=== Task input ===

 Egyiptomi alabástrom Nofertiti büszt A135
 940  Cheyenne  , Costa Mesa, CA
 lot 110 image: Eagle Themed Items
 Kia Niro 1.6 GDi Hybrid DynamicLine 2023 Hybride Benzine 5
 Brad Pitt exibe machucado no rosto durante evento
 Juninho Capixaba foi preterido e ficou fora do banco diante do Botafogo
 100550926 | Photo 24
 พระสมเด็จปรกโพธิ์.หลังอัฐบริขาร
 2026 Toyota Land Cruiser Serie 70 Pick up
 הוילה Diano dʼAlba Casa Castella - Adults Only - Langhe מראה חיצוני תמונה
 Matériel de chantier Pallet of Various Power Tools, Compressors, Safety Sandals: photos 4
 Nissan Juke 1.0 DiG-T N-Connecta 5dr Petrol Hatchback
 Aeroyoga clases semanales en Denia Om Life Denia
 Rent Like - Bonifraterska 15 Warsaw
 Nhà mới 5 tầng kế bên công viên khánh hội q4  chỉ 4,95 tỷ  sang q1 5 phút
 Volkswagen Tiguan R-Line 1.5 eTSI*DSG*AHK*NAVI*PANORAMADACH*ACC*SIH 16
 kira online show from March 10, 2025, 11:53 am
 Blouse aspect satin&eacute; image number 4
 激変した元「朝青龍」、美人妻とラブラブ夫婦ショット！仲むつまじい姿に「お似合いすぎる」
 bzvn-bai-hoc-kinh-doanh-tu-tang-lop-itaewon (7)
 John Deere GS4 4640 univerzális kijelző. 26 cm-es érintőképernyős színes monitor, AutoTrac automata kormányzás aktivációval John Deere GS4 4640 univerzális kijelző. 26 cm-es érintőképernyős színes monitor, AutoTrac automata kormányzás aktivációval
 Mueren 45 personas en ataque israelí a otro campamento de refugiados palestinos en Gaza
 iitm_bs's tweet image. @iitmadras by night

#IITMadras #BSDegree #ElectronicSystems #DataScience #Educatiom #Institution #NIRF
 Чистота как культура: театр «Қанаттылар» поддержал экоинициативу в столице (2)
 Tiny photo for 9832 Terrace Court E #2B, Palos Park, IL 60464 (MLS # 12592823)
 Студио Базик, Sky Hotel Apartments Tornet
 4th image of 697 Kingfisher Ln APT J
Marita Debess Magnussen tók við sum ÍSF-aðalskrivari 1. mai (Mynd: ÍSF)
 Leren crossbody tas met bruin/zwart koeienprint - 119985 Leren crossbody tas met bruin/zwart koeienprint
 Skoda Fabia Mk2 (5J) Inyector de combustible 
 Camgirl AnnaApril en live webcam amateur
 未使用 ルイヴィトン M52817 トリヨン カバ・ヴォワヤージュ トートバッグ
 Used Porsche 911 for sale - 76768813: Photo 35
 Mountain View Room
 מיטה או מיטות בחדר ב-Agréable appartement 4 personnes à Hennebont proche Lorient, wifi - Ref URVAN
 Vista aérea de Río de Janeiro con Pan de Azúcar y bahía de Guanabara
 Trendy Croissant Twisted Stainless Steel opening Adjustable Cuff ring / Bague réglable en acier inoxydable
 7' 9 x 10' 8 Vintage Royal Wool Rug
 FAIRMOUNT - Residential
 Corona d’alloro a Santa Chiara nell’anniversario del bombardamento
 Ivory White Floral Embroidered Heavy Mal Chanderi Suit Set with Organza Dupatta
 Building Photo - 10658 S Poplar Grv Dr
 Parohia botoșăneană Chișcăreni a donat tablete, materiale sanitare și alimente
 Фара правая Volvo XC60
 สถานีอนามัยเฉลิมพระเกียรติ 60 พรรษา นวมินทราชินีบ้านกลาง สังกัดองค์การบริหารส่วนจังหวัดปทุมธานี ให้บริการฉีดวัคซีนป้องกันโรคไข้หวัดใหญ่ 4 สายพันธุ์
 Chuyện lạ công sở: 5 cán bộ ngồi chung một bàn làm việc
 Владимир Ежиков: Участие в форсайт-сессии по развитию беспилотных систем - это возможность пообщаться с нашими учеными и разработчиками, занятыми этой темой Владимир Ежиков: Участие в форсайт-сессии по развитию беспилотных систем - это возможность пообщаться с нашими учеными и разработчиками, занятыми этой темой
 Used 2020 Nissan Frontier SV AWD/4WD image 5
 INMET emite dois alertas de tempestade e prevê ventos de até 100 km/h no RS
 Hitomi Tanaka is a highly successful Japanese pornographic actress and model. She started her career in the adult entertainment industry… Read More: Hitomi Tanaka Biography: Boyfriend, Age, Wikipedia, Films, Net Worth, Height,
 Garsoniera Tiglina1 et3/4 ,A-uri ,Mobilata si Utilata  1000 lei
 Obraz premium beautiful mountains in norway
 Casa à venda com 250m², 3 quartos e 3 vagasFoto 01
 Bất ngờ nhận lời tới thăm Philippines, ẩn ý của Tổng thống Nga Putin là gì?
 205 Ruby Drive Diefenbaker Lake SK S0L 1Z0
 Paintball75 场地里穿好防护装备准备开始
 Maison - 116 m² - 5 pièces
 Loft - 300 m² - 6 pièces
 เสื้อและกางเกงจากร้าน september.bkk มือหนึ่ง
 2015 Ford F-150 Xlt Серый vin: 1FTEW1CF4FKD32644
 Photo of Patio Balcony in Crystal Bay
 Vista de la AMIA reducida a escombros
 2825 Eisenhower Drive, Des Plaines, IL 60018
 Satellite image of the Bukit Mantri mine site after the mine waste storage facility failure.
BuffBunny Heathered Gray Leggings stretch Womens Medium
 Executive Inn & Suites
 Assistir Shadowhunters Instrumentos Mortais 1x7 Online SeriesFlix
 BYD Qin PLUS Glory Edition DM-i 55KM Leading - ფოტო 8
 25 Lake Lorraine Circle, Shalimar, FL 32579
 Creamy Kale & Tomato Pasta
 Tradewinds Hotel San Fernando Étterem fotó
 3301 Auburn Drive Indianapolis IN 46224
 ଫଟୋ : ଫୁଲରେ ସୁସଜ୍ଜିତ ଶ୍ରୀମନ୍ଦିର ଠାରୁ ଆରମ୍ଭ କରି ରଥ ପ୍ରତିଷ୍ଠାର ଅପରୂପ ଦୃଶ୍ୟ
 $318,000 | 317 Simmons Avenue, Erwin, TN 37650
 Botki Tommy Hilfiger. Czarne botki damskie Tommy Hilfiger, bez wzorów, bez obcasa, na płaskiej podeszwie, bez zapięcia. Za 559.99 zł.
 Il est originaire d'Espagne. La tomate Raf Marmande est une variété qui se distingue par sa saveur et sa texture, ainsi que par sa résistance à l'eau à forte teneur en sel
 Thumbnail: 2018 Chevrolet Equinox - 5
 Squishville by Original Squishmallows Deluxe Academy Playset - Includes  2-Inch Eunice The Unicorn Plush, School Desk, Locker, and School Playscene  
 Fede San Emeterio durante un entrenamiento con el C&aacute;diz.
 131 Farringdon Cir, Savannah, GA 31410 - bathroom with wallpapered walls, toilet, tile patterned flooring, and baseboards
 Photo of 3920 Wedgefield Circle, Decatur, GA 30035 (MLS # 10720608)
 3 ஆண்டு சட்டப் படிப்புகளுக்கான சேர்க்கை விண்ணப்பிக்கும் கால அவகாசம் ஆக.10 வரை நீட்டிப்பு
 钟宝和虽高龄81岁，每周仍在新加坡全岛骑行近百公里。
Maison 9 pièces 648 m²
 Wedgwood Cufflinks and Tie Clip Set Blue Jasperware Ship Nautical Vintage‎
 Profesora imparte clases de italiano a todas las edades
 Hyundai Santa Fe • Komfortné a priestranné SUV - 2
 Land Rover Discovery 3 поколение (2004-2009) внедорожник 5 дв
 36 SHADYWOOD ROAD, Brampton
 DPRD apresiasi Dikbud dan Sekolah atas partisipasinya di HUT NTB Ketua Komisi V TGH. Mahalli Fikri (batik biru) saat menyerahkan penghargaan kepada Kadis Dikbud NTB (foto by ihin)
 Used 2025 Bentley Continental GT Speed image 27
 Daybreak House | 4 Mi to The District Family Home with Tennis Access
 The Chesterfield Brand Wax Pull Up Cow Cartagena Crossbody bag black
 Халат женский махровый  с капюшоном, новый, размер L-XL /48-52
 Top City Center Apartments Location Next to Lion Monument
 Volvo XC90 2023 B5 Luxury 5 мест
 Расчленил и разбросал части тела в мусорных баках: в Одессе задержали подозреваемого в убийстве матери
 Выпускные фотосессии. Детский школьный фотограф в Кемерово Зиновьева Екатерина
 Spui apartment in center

===

Task details: Using only the listing above, restate exactly the lines from the line containing "Paintball75 场地里穿好防护装备准备开始" through the line containing "Botki Tommy Hilfiger.", both included.

Answer box:
 Paintball75 场地里穿好防护装备准备开始
 Maison - 116 m² - 5 pièces
 Loft - 300 m² - 6 pièces
 เสื้อและกางเกงจากร้าน september.bkk มือหนึ่ง
 2015 Ford F-150 Xlt Серый vin: 1FTEW1CF4FKD32644
 Photo of Patio Balcony in Crystal Bay
 Vista de la AMIA reducida a escombros
 2825 Eisenhower Drive, Des Plaines, IL 60018
 Satellite image of the Bukit Mantri mine site after the mine waste storage facility failure.
BuffBunny Heathered Gray Leggings stretch Womens Medium
 Executive Inn & Suites
 Assistir Shadowhunters Instrumentos Mortais 1x7 Online SeriesFlix
 BYD Qin PLUS Glory Edition DM-i 55KM Leading - ფოტო 8
 25 Lake Lorraine Circle, Shalimar, FL 32579
 Creamy Kale & Tomato Pasta
 Tradewinds Hotel San Fernando Étterem fotó
 3301 Auburn Drive Indianapolis IN 46224
 ଫଟୋ : ଫୁଲରେ ସୁସଜ୍ଜିତ ଶ୍ରୀମନ୍ଦିର ଠାରୁ ଆରମ୍ଭ କରି ରଥ ପ୍ରତିଷ୍ଠାର ଅପରୂପ ଦୃଶ୍ୟ
 $318,000 | 317 Simmons Avenue, Erwin, TN 37650
 Botki Tommy Hilfiger. Czarne botki damskie Tommy Hilfiger, bez wzorów, bez obcasa, na płaskiej podeszwie, bez zapięcia. Za 559.99 zł.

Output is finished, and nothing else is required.